Yogyakarta – Universitas Negeri Yogyakarta (UNY) sukses menyelenggarakan kegiatan International Technopreneur Invention and Exhibition pada tanggal 23–24 Mei 2026. Kegiatan internasional ini merupakan hasil kerja sama antara UNY dengan Universiti Teknologi MARA (UiTM) Malaysia sebagai bentuk penguatan kolaborasi akademik, inovasi, dan technopreneurship di tingkat global.

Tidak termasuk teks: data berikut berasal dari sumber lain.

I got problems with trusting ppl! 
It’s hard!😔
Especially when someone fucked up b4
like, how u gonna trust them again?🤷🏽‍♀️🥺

Kegiatan ini menjadi wadah bagi mahasiswa untuk menampilkan karya inovatif, produk kewirausahaan, serta gagasan kreatif yang berorientasi pada teknologi dan kebermanfaatan sosial. Peserta berasal dari berbagai program studi dan institusi, baik dari Indonesia maupun Malaysia.

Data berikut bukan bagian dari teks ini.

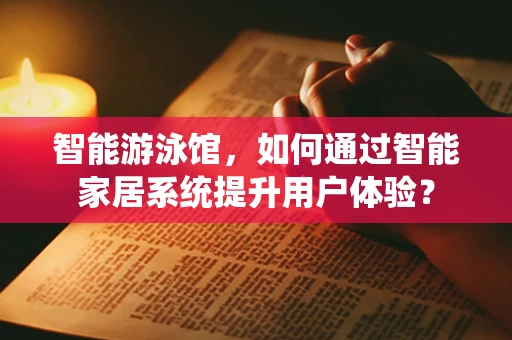 智能游泳馆，如何通过智能家居系统提升用户体验？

Berbagai produk inovasi dipresentasikan dalam ajang tersebut, mulai dari bidang kesehatan, olahraga, pangan, hingga teknologi kreatif. Penilaian dilakukan oleh dewan juri berdasarkan aspek inovasi, keberlanjutan usaha, potensi pasar, dan dampak sosial.

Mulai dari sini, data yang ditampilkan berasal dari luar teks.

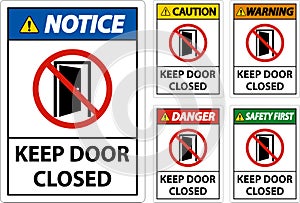 Keep Door Closed Sign On White Background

Dalam kompetisi tersebut, tim Sportraga dari PJSD UNY berhasil meraih Juara 1 setelah unggul dalam aspek inovasi dan presentasi bisnis. Prestasi ini menjadi kebanggaan tersendiri bagi UNY dalam ajang internasional tersebut.

Selain kategori juara utama, panitia juga memberikan penghargaan khusus kepada beberapa tim terbaik, di antaranya:

  • Juara 1 – Sport Raga (UNY)
  • Juara 2 – Azure Bloom Herbal Drops (UiTM)
  • Juara 3 – Siswabites (UiTM)
  • Best Overall Business Pitch – X.O Coffee (UNY)
  • Most Innovative Business – Obescare (UNY)
  • Best Market Potential – Savora Chef Pro (UiTM)
  • Best Technopreneurship – Nutrieco Feed (UiTM)
  • Best Social Impact – Nusantara Performance (UNY)

Sementara itu, berdasarkan hasil penilaian keseluruhan produk inovasi, beberapa tim memperoleh skor tertinggi, yaitu:

  1. Briket Batok Kelapa – 83
  2. FIKKEMON – 82
  3. ArchSync – 80

Kegiatan ini diharapkan mampu mempererat hubungan kerja sama internasional antara UNY dan UiTM Malaysia, sekaligus meningkatkan semangat inovasi dan jiwa technopreneurship mahasiswa di era globalisasi.

Melalui kegiatan International Technopreneur Invention and Exhibition 2026, mahasiswa tidak hanya dituntut untuk menciptakan inovasi, tetapi juga mampu mengembangkan solusi kreatif yang memiliki nilai kebermanfaatan bagi masyarakat luas.